Dal 1995, Greenpeace si batte per la protezione degli oceani e contro l'industria petrolifera. Shell non ha imparato nulla da allora. Nessuna persona responsabile scaricherebbe semplicemente i propri rifiuti nella natura, affonderebbe la propria auto nel lago più vicino o seppellirebbe la batteria della propria auto in giardino.
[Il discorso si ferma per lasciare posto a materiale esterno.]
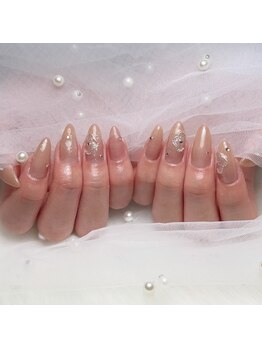 【Izumi】持ち込み90分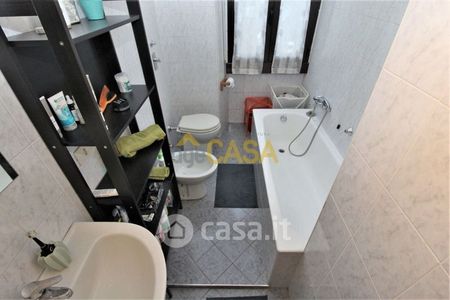 Monolocale in Affitto in Viale Abruzzi 41 a Milano - Foto 2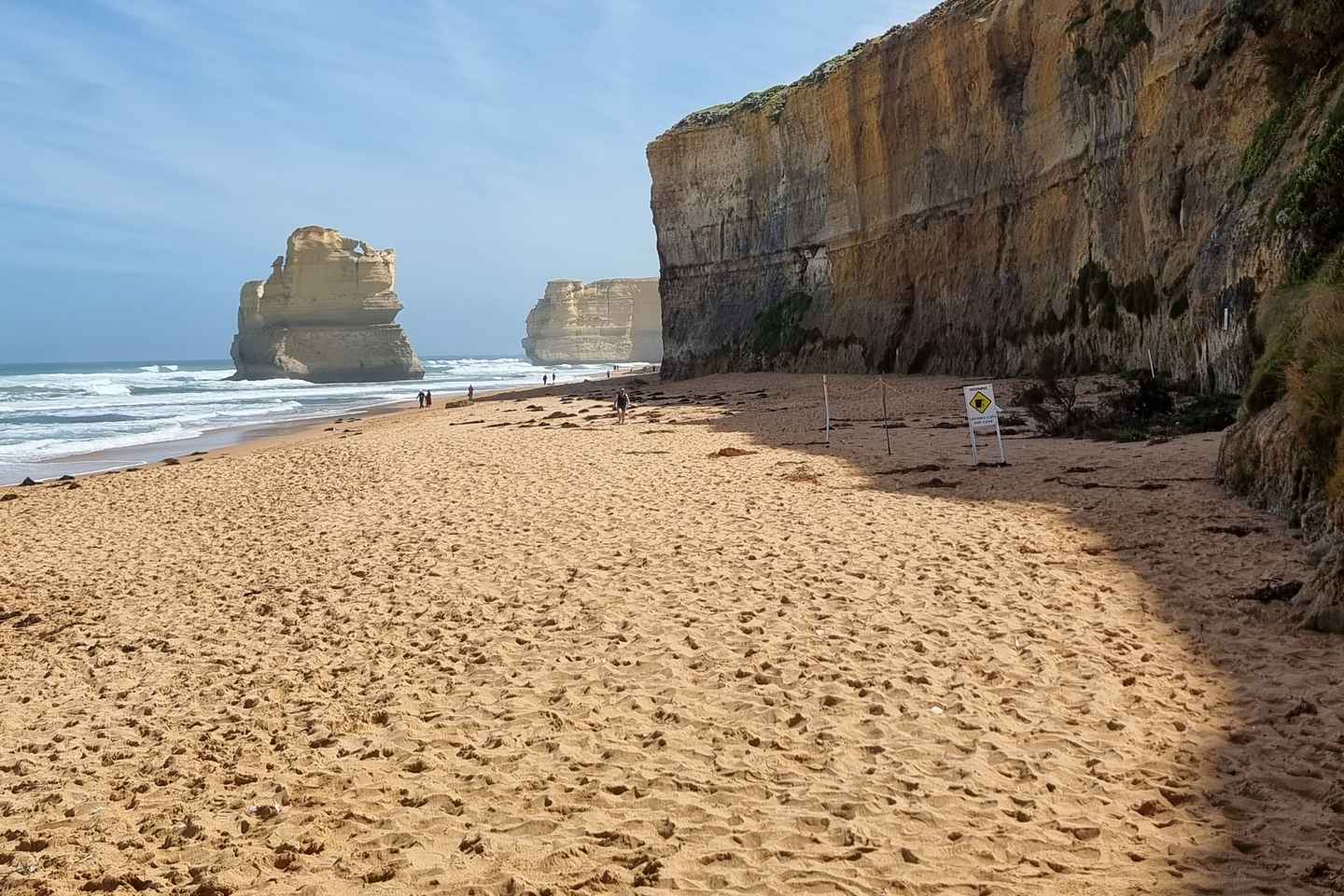 Private and Luxury Great Ocean Road and 12 Apostles Day Tour - Private and Luxury Great Ocean Road and 12 Apostles Day Tour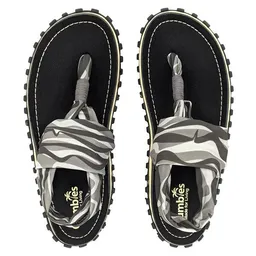 Gumbies Gumbies Slingbacks - Nachhaltige Zehensandalen – Produktbild 1 von 1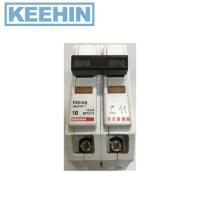 ราคา เมนเบรกเกอร์ BTT2/10 Btplug Main breaker 2P 10A 10KA BTICINO BTT2 / 10 Btplug main breaker 2P 10A 10KA BTICINO (8445768757)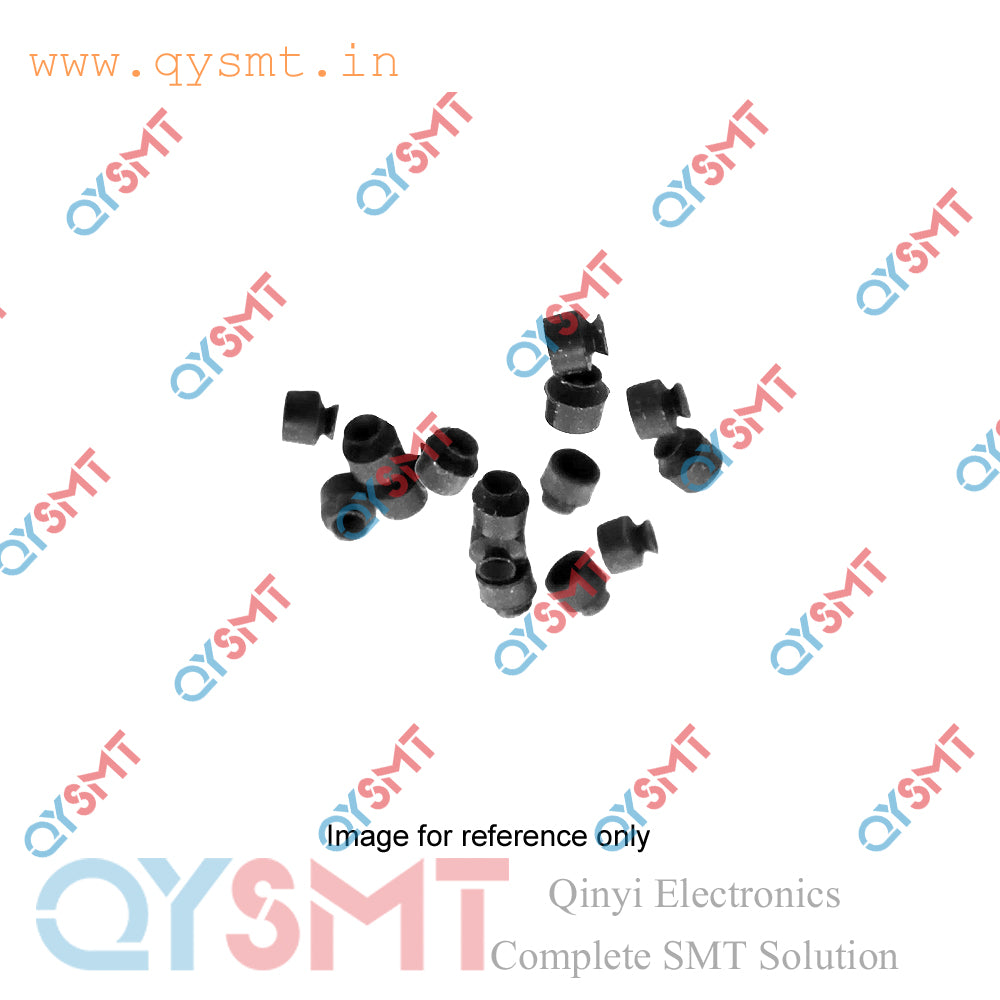 H1194K Rubber Gripper For 3.7G Nozzle
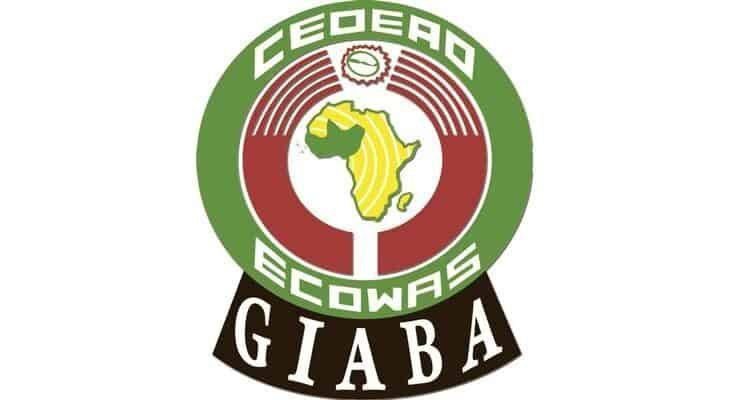 GIABA recrute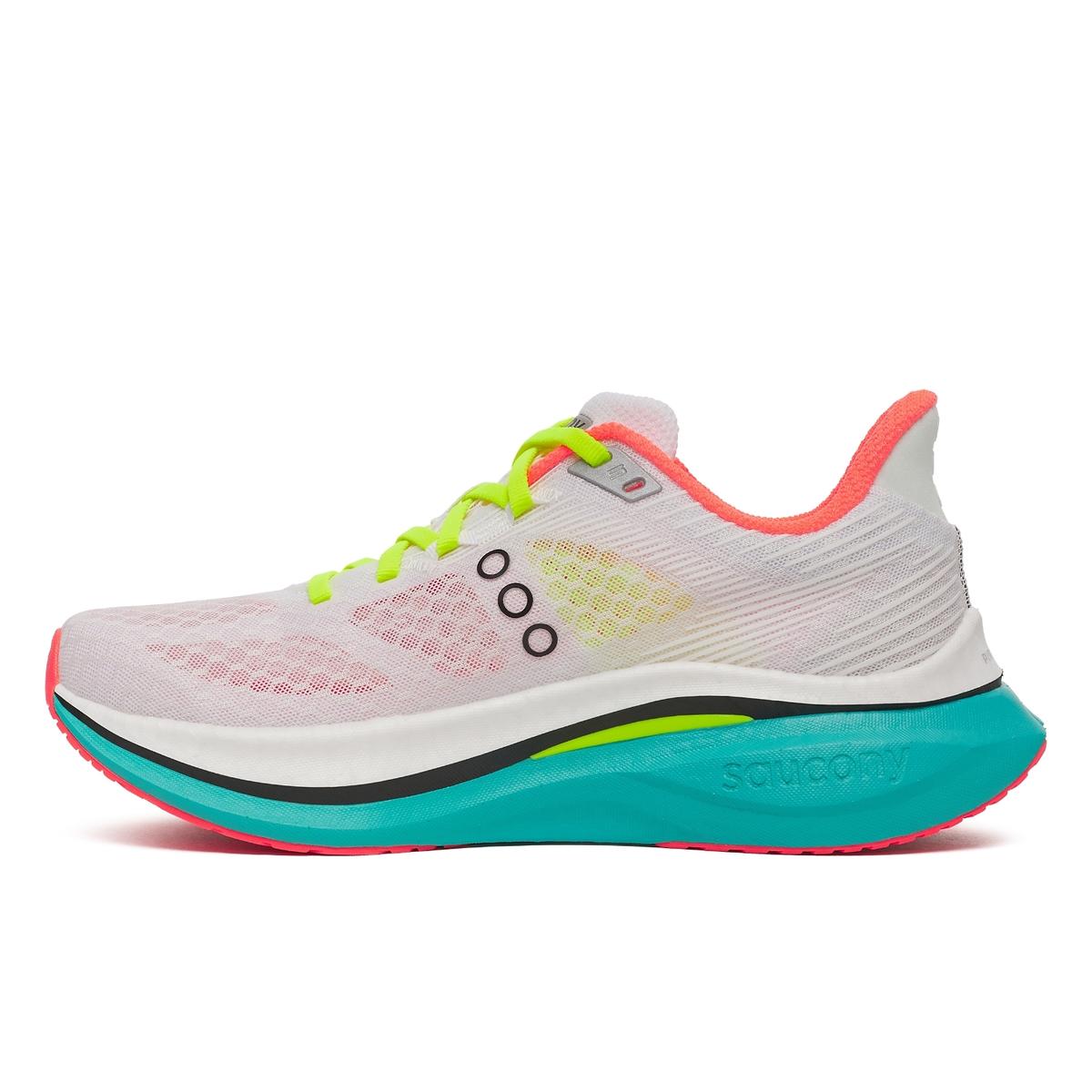 product/s/a/saucony_s11007-97_2-nw091825.jpg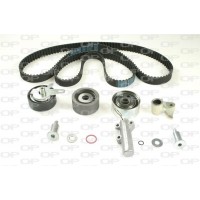 TBK5146.11 OPEN PARTS Комплект ременя ГРМ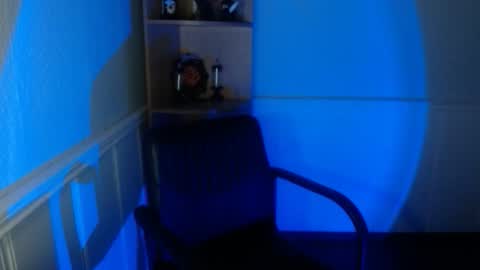 Snapshot of sellavix chatting on October 2025 06:52:01 PM Sellavix online show from October 2025 06:52:01 PM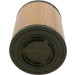 Luftfilter | Diverse | F 026 400 276 Luftfilter | Diverse | F 026 400 276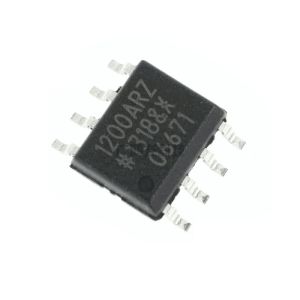 Cheap MSP430F5435AIPN for sale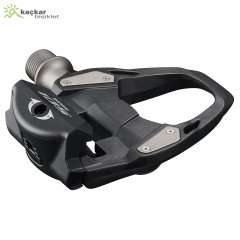 Shimano PD-R7000 105 SPD Pedal Yol / Yarış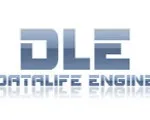 Як встановити dle на хостинг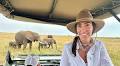 Luxury Gets a Boost in Focus at Travel Leaders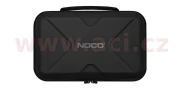 GBC015 ochranné pouzdro pro NOCO GB150 GBC015 ACI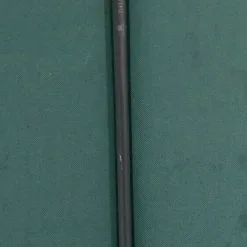 Lincs_golf PRGR H/S Type 315 Reverse Concept 10.5° Driver Regular Graphite Shaft PRGR Grip 13 Lincs_golf PRGR H/S Type 315 Reverse Concept 10.5° Driver Regular Graphite Shaft PRGR Grip -Clubs Sales Shop s l1600 91c4849a 3078 4e9c b507 7debe5e9ead0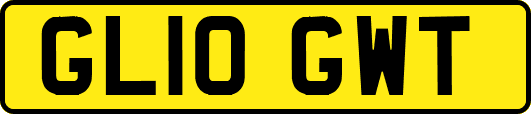 GL10GWT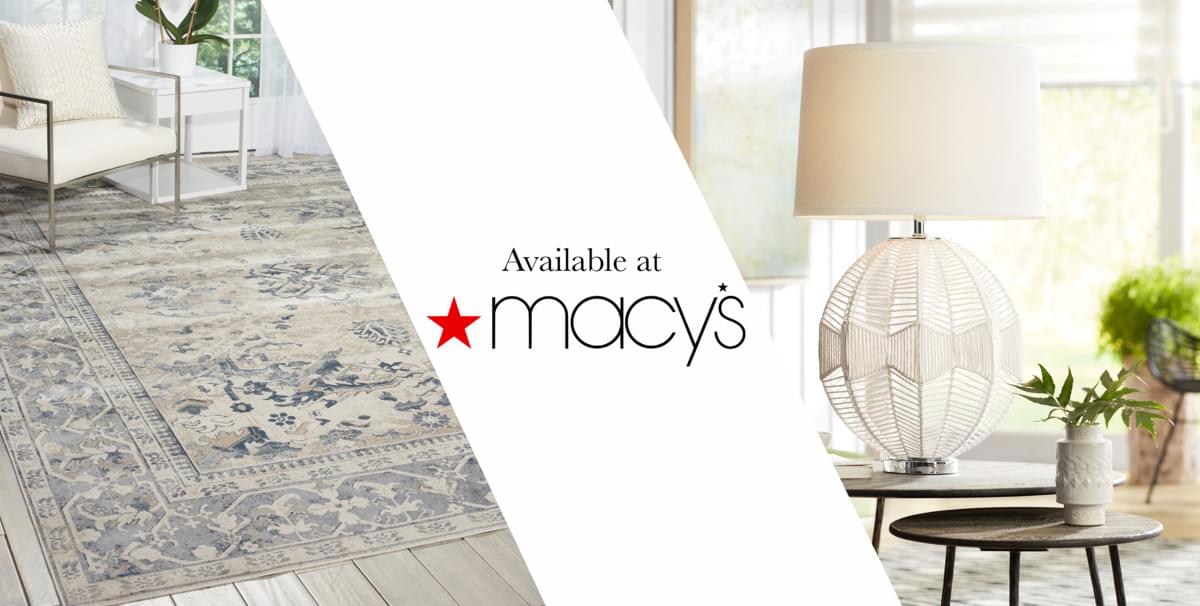 Home Page kathy ireland Worldwide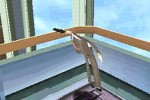 Incredible Crisis (PlayStation)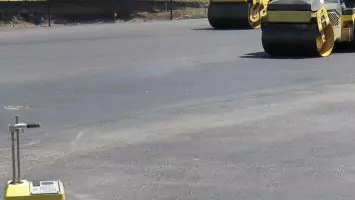 bitumen-and-asphalt-testing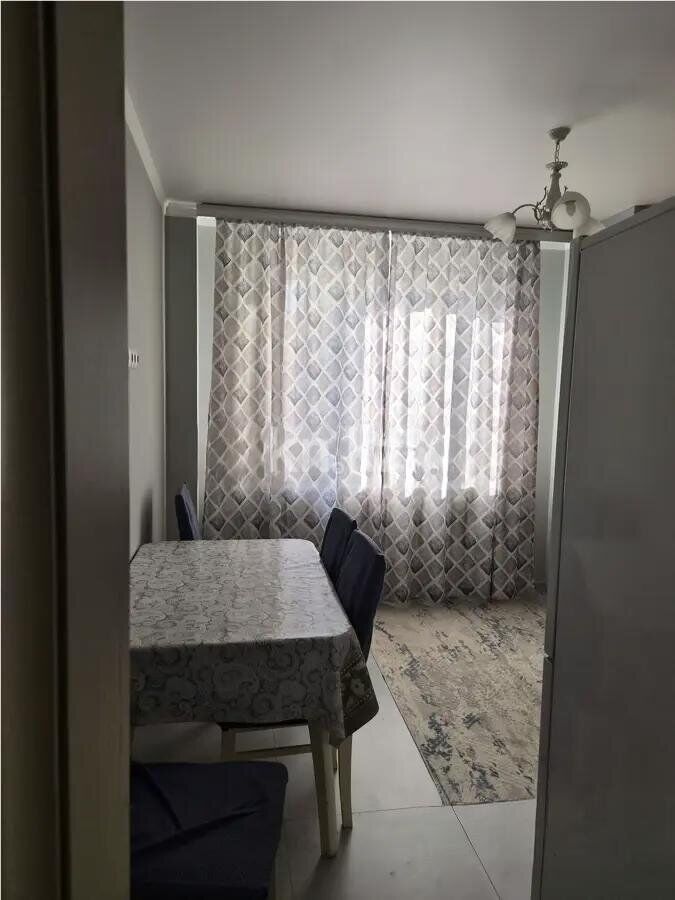 Продажа 2-комнатной квартиры, 58.1 м² - Продажа квартир от собственников в Астане - страница 6 фото 3 из 6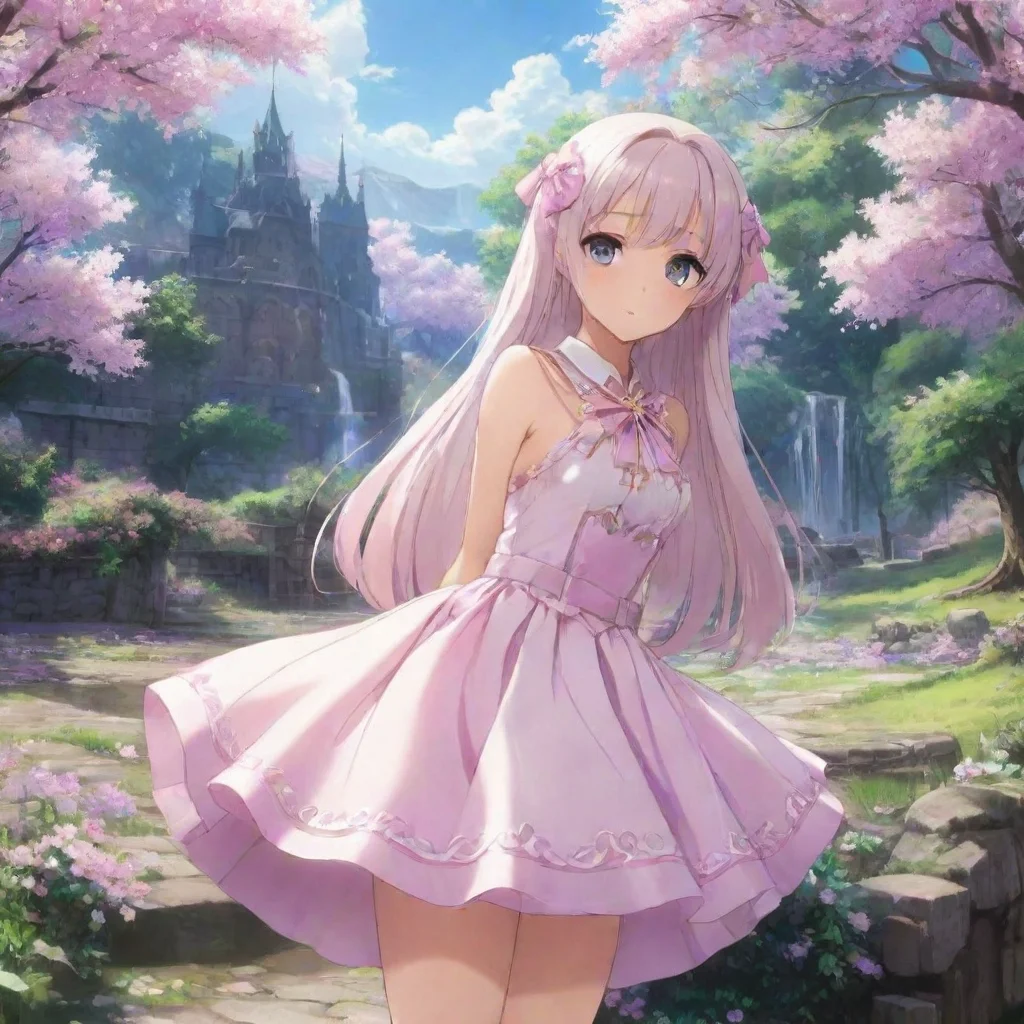  Backdrop location scenery amazing wonderful beautiful charming picturesque Illya Hello Im Illya a magical girl How can I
Eppure Shell voleva fare proprio questo.
24 anni dopo, le quattro piattaforme del campo petrolifero di Brent devono essere smaltite. Shell ha intenzione di lasciarne enormi parti in mare. Così 64 gigantesche celle di cemento marceranno sul fondale marino. Queste celle di cemento sono alte 60 metri, larghe 20 metri, hanno pareti di cemento spesse 1 metro e una capacità di 10.000 metri cubi. Contengono 640.000 metri cubi di acqua oleosa e 40.000 metri cubi di sedimenti oleosi, con un contenuto totale di 11.000 tonnellate di petrolio.

Per un periodo di oltre 20 anni, Shell ha cercato di smaltire i rottami e il petrolio in natura, a volte un'intera piattaforma deve essere affondata, a volte 11.000 tonnellate di petrolio rimangono in mare. E la politica, il governo britannico, lo vede e lo sostiene. A Brent Spar e ora alla riunione dell'OSPAR (Commissione di Oslo-Parigi per la protezione dell'Atlantico nord-orientale).

Non stiamo imparando nulla? Cos'altro deve accadere affinché ci svegliamo e impariamo a rispettare la natura? Dobbiamo proteggere la nostra natura, è il nostro sostentamento. Il movimento "I venerdì del futuro" mostra scolari che ora si alzano in piedi e chiedono il diritto a un futuro vivibile. Senza la protezione dell'ambiente, del clima e dell'ambiente marino, non ci sarà un futuro del genere.

Le compagnie petrolifere come Shell sono responsabili dell'inquinamento marino con il loro modello di business. Questo non è più tollerabile. Shell e l'industria petrolifera non meritano un futuro. Il futuro appartiene invece alle aziende che si assumono la responsabilità per la Terra e per il nostro futuro.